Ridicule the rage for quotations by quoting from "My Baby's Handkerchief." Analyse the causes that the ludicrous weakens memory, and laughter, mechanically, makes it difficult to remember a good story.
Sara sent twice for the measure of George's1 neck. He wondered that Sara should be such a fool, as she might have measured William's or Coleridge's—as "all poets' throttles were of one size."
Hazlitt, the painter, told me that a picture never looked so well as when the pallet was by the side of it. Association, with the glow of production.
Mr. J. Cairns, in the Gentleman's Diary for 1800, supposes that the Nazarites, who, under the law of Moses, had their heads [shaved] must have used some sort of wigs!
Slanting pillars of misty light moved along under the sun hid by clouds.
Leaves of trees upturned by the stirring wind in twilight—an image of paleness, wan affright.
A child scolding a flower in the words in which he had been himself scolded and whipped, is poetry—passion past with pleasure.
July 20, 1800
Poor fellow at a distance—idle? in this hay-time when wages are so high? [We] come near [and] then [see that he is] pale, can scarce speak or throw out his fishing rod.
[This incident is fully described by Wordsworth in the last of the four poems on "Naming of Places."
—Poetical Works of W. Wordsworth, 1889, p. 144.]
September 1, [1800]
The beards of thistle and dandelions flying about the lonely mountains like life—and I saw them through the trees skimming the lake like swallows.
["And, in our vacant mood,
Not seldom did we stop to watch some tuft
Of dandelion seed or thistle's beard,
That skimmed the surface of the dead calm lake,
Suddenly halting now—a lifeless stand!
And starting off again with freak as sudden;
In all its sportive wanderings, all the while,
Making report of an invisible breeze
That was its wings, its chariot and its horse,
Its playmate, rather say, its moving soul."
Ibid. p. 143.]
Luther—a hero, fettered, indeed, with prejudices—but with those very fetters he would knock out the brains of a modern Fort Esprit.
Comment. Frightening by his prejudices, as a spirit does by clanking his chains.
Not only words, as far as relates to speaking, but the knowledge of words as distinct component parts, which we learn by learning to read—what an immense effect it must have on our reasoning faculties! Logical in opposition to real.
1797-1801
Children, in making new words, always do it analogously. Explain this.
Hot-headed men confuse, your cool-headed gentry jumble. The man of warm feelings only produces order and true connection.

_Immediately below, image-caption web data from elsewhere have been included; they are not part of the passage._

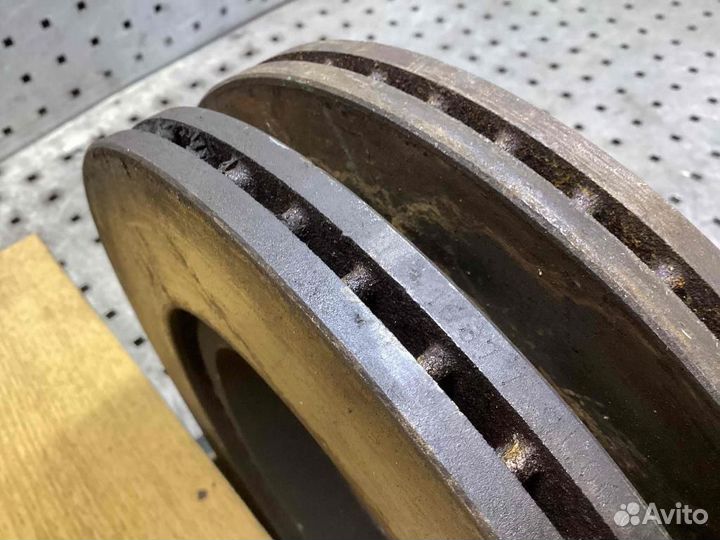 Диск тормозной передний Volkswagen Passat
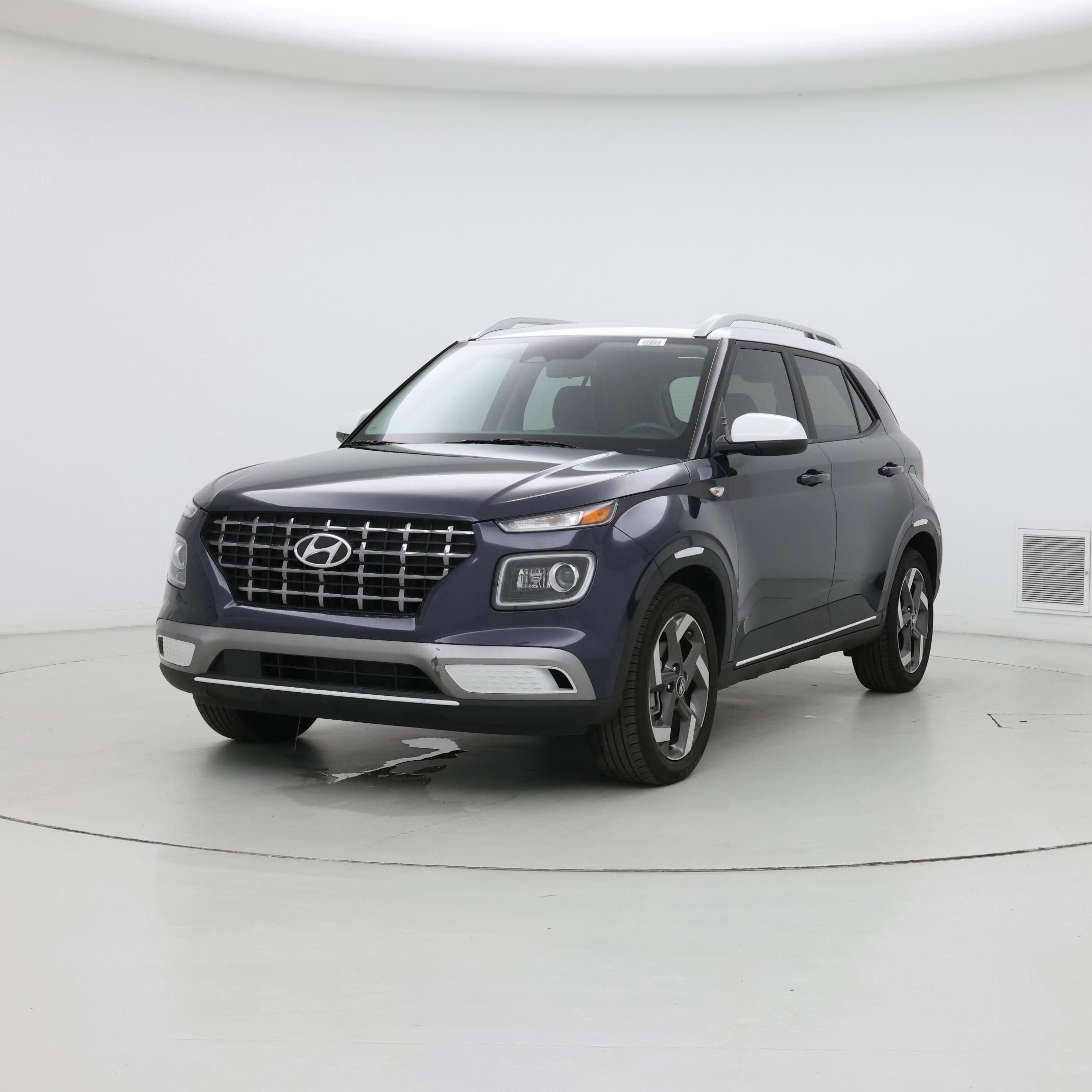 Thumbnail: 2023 Hyundai Venue - 4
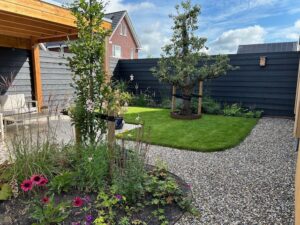 Nieuwbouw tuin in Ens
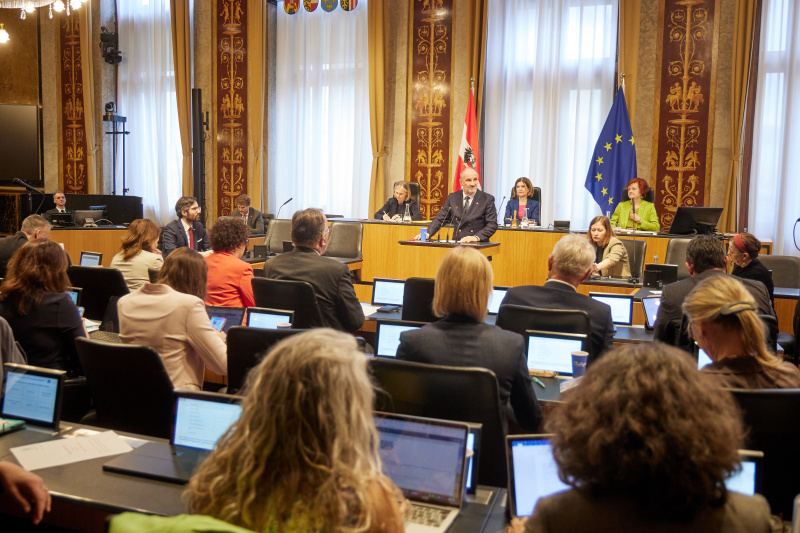 Am Redner:innenpult: Bundesrat Peter Samt (FPÖ)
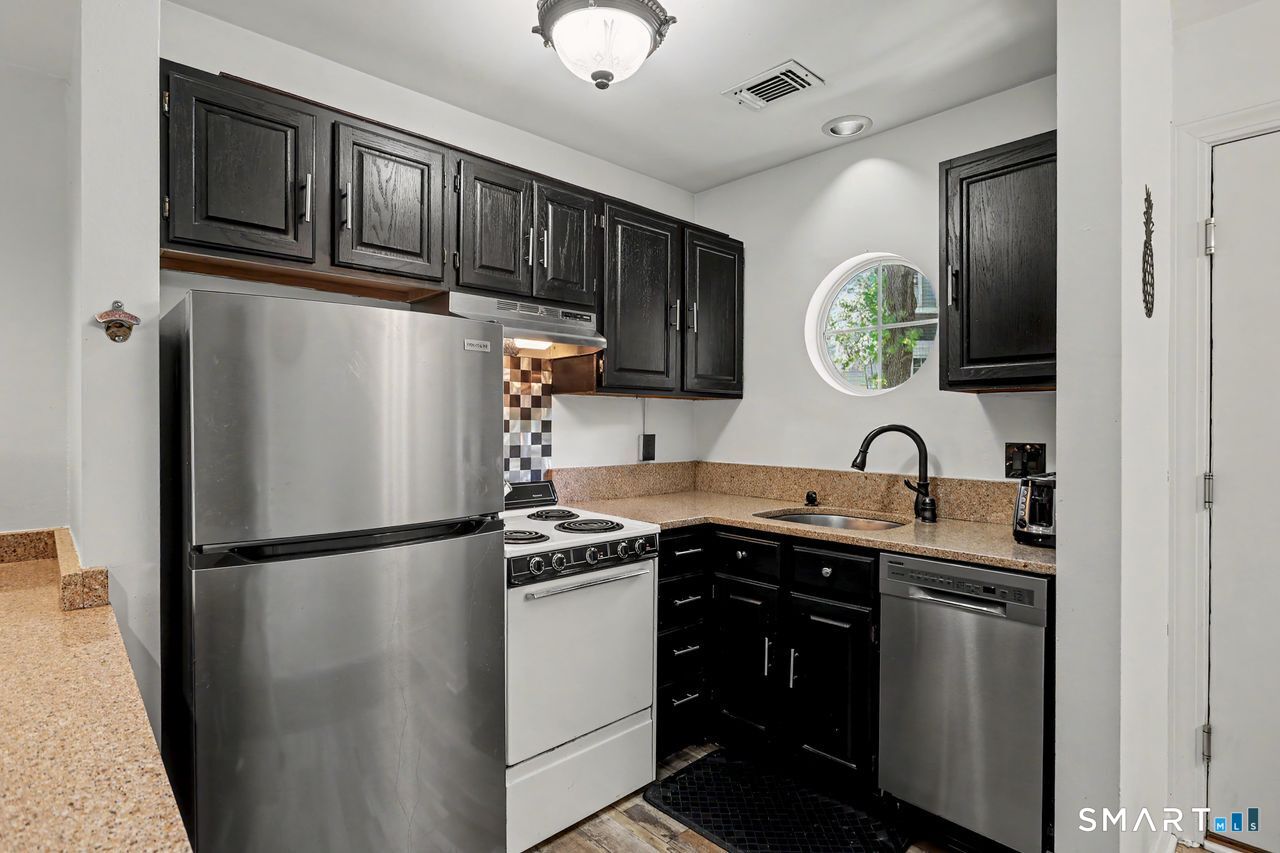 1822 Old Pond Lane Norwich CT 06360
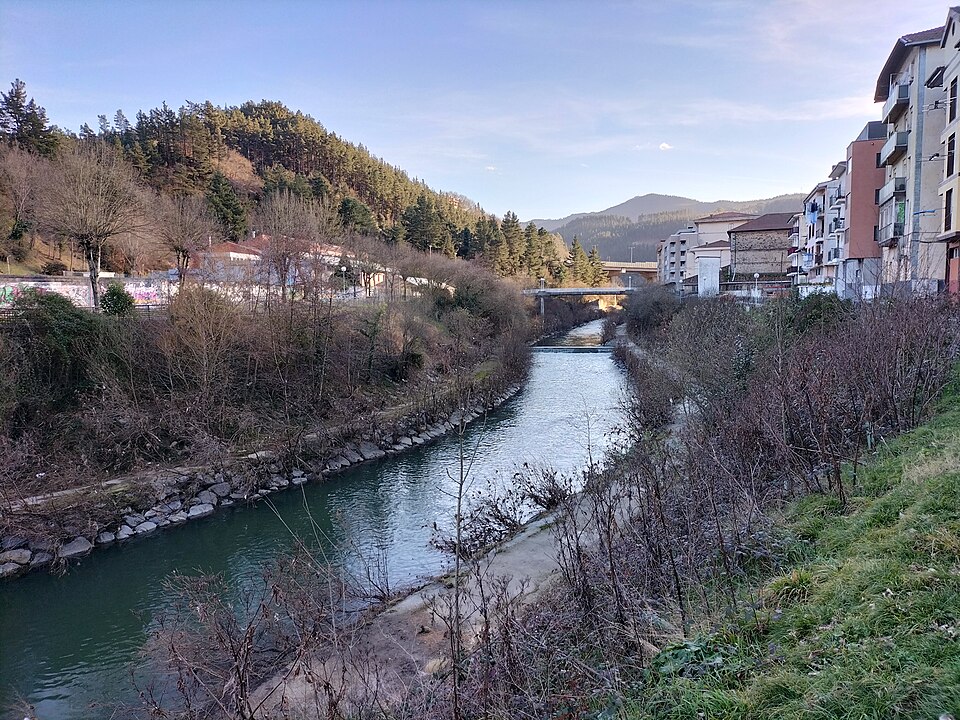 Foto 2 — Ugao-Miraballes, Bizkaia (48490)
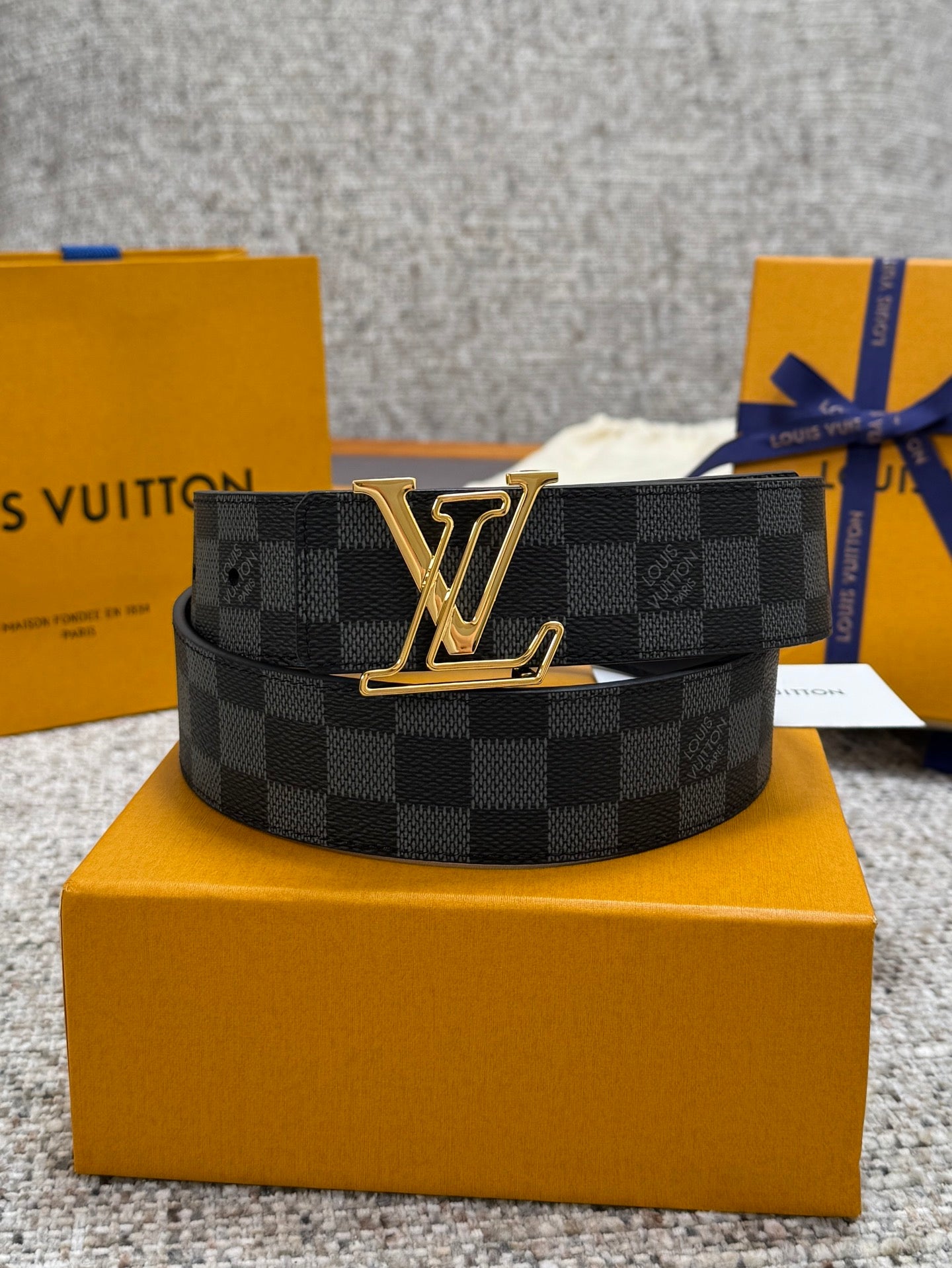 China Replica LV Belts 46usd Only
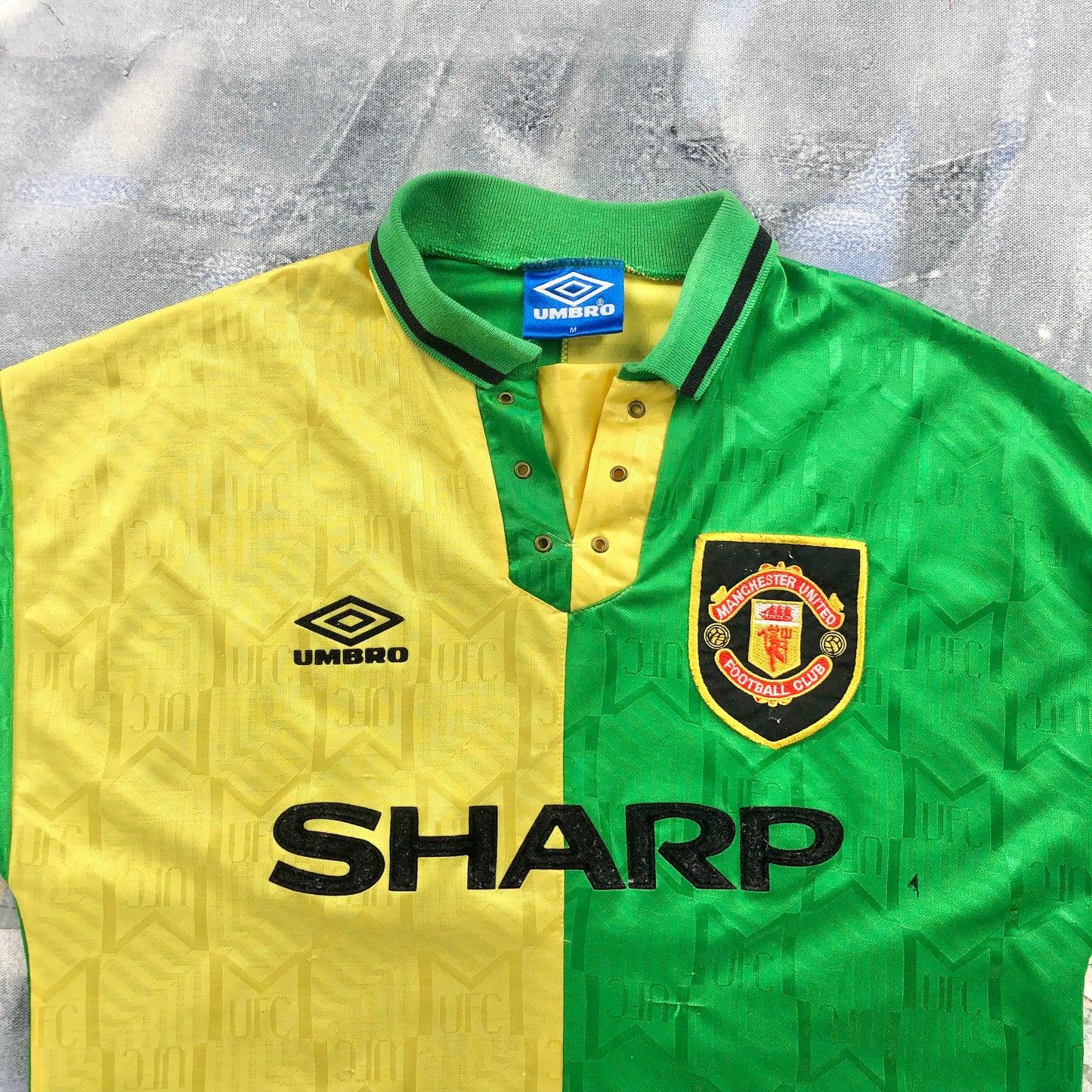Vintage 90s Umbro Manchester United Mark Hughes Futbol Jersey M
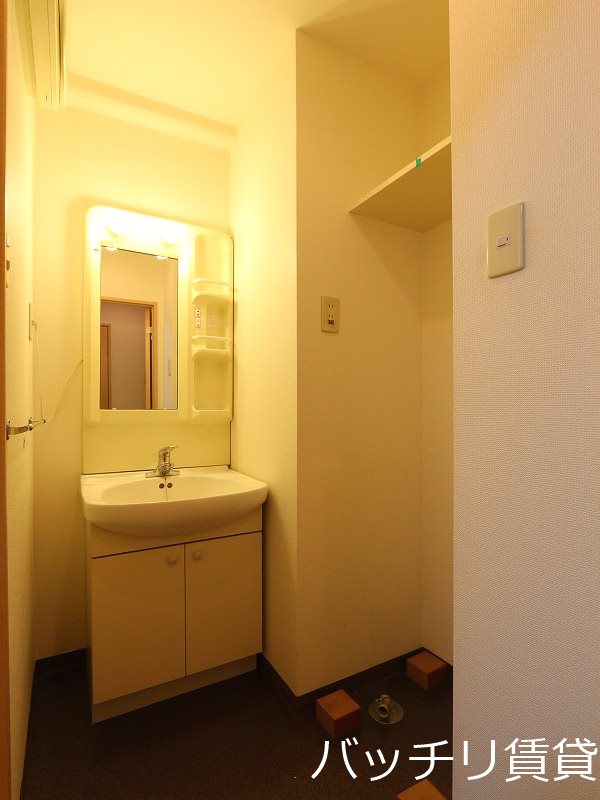 洗面設備　※画像は同型タイプの為、現状を優先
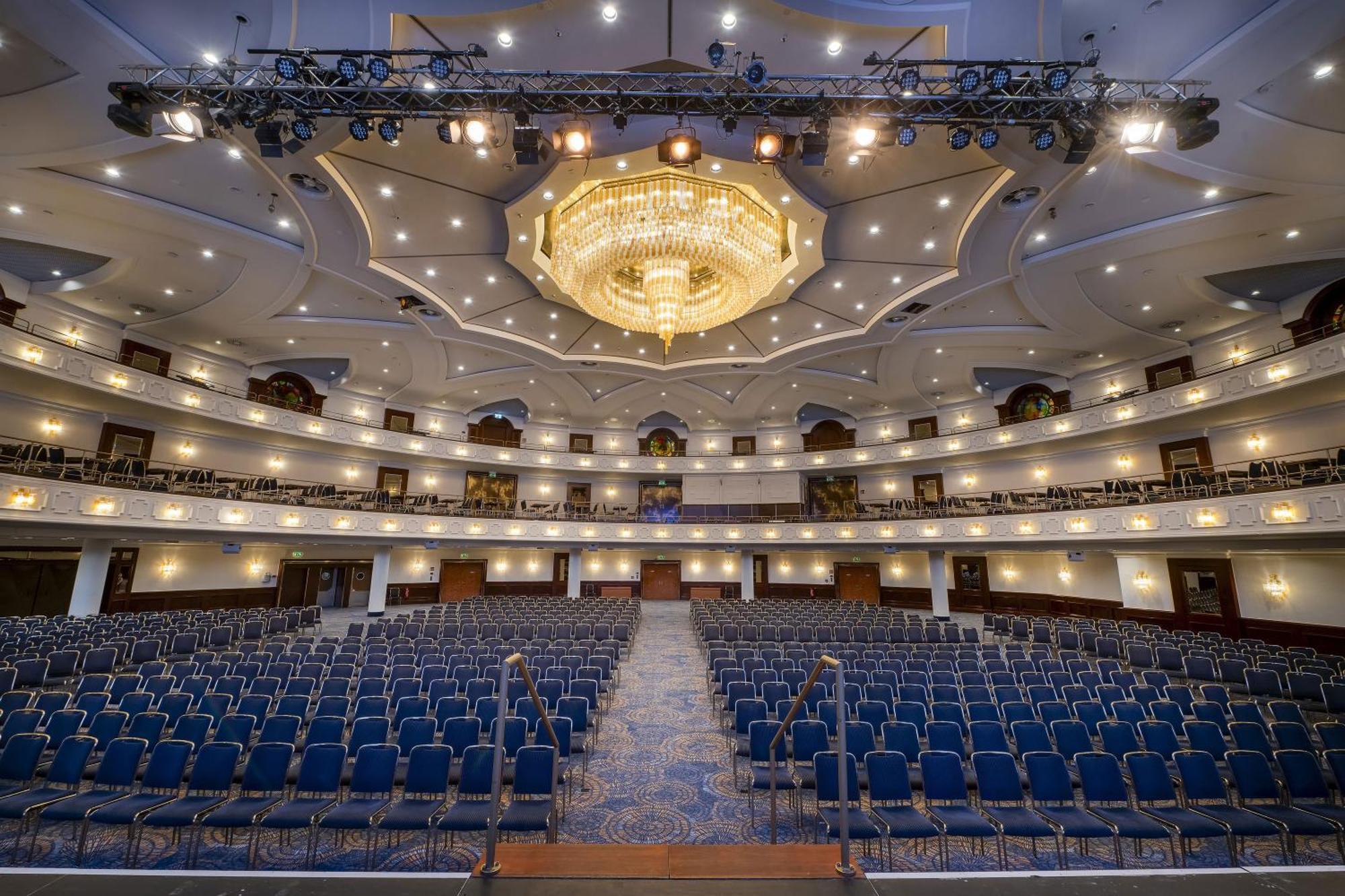 Maritim Hotel Koln Ngoại thất bức ảnh The Grand Hall of the Grand Hotel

In what a jumble M. and H. write, every third paragraph beginning with "Let us now return," or "We come now to the consideration of such a thing"—that is, what I said I would come to in the contents prefixed to the chapter.
Dec. 19, 1800
The thin scattered rain-clouds were scudding along the sky; above them, with a visible interspace, the crescent moon hung, and partook not of the motion; her own hazy light filled up the concave, as if it had been painted and the colours had run.
"He to whom all things are one, who draweth all things to one, and seeth all things in one, may enjoy true peace of mind and rest of spirit."—Jeremy Taylor's Via Pacis.
To each reproach that thunders from without may remorse groan an echo.
A prison without ransom, anguish without patience, a sick bed in the house of contempt.
To think of a thing is different from to perceive it, as "to walk" is from to "feel the ground under you;" perhaps in the same way too—namely, a succession of perceptions accompanied by a sense of nisus and purpose.
Space, is it merely another word for the perception of a capability of additional magnitude, or does this very perception presuppose the idea of space? The latter is Kant's opinion.
A babe who had never known greater cruelty than that of being snatched away by its mother for half a moment from the breast in order to be kissed.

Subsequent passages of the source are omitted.